A Multiattribute Decision Model for Bipolar Disorder: Identification of Preferred Mood-Stabilizing Medications

Brandon T. Suehs, PharmD; and Tawny L. Bettinger, PharmD, BCPP

This research develops a multiattribute decision model to aid in the selection of preferred mood-stabilizing agents for the treatment of bipolar disorder.

Objective: To develop a multiattribute decision model (MADM) to aid in the selection of preferred medications for the treatment of bipolar disorder.

Study Design: Data were obtained via a selfadministered online survey among psychiatric pharmacist specialists. These survey data were used to construct a MADM based on multiattribute utility technology.
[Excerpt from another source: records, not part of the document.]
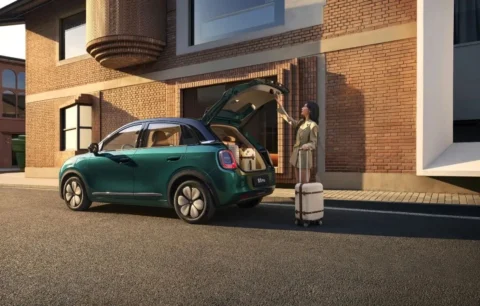 Green Wuling Bingo Pro with rear tailgate open for luggage access
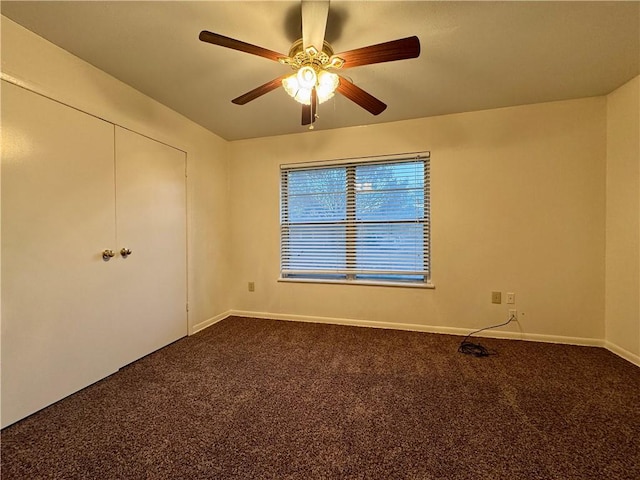 spare room featuring carpet flooring and ceiling fan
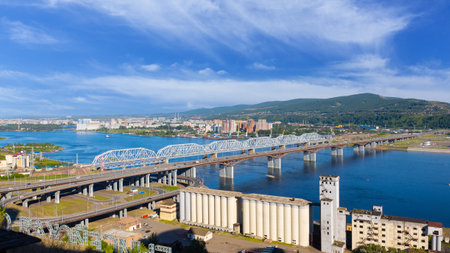 Summer cityscape with road and railway bridges across the Yenisey river in Krasnoyarsk, Russia. panoramic view.の写真素材
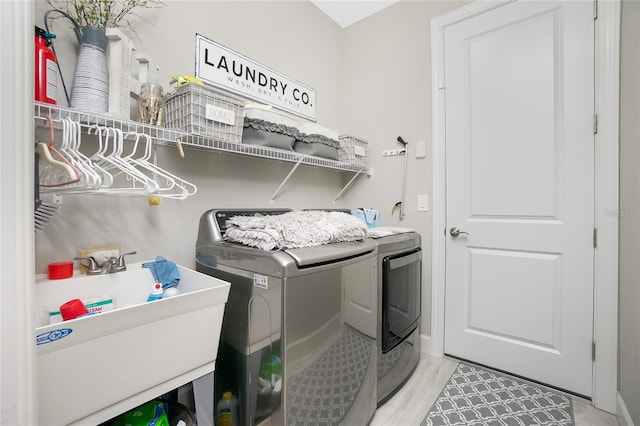 laundry area with light hardwood / wood-style floors, washing machine and dryer, and sink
Methods: Anticonvulsant mood stabilizers, atypical antipsychotics, olanzapine-fluoxetine combination, and lithium carbonate were evaluated using a MADM. Attributes included in the model were effectiveness, safety and tolerability, cost, monitoring burden, and dosing frequency. A survey instrument was developed to score the relative importance of each attribute and the factor scores for each medication. Four iterations of the model were performed to ascertain the medication with the highest total utility score when the effectiveness factors were weighted to consider the following: overall effectiveness, effectiveness in acute mania, effectiveness in acute bipolar depression, and effectiveness in maintenance treatment. Sensitivity analyses were performed to evaluate the stability of the MADM results.

Results: When overall effectiveness, effectiveness in acute mania, or effectiveness in maintenance treatment was considered, lithium carbonate had the highest total utility score. When effectiveness in acute bipolar depression was considered, lamotrigine had the highest total utility score. When considering only atypical antipsychotics, aripiprazole was associated with the highest total utility score for all iterations of the MADM.

Conclusion: The use of a MADM may be a beneficial tool to assist in making formulary or preferred therapeutic agent decisions.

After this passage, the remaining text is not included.